Maximize reward while staying close to SFT model:

\mathcal{L}_{RLHF} = \mathbb{E}\left[r_\phi(x, y) - \beta D_{KL}(\pi_\theta \| \pi_{ref})\right]

Challenges in RL

Challenge	Description	Solution
Sample inefficiency	Needs millions of samples	Model-based RL, offline RL
Reward shaping	Sparse rewards	Curriculum learning, curiosity
Exploration	Stuck in local optima	ε-greedy, entropy bonus
Non-stationarity	Environment changes	Robust algorithms

Follow-Up Questions

Q: What is the difference between on-policy and off-policy learning?
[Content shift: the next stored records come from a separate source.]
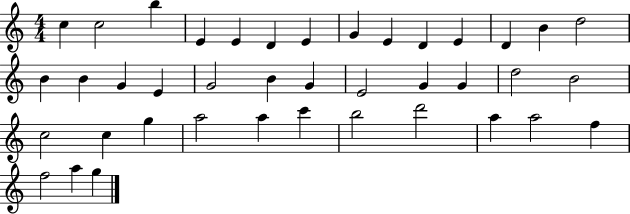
{
  \clef treble
  \numericTimeSignature
  \time 4/4
  \key c \major
  c''4 c''2 b''4 | e'4 e'4 d'4 e'4 | g'4 e'4 d'4 e'4 | d'4 b'4 d''2 | \break b'4 b'4 g'4 e'4 | g'2 b'4 g'4 | e'2 g'4 g'4 | d''2 b'2 | \break c''2 c''4 g''4 | a''2 a''4 c'''4 | b''2 d'''2 | a''4 a''2 f''4 | \break f''2 a''4 g''4 | \bar "|."
}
A: On-policy uses current policy for data collection (REINFORCE). Off-policy uses a different behavior policy (Q-Learning). Off-policy is more sample-efficient but harder to train.

Q: How does RLHF differ from standard RL? A: RLHF learns a reward model from human preferences rather than using a handcrafted reward function. This enables alignment with complex human values.

Q: What is the role of entropy in RL? A: Entropy encourages exploration by preventing the policy from becoming too deterministic. It's added as a bonus to the reward.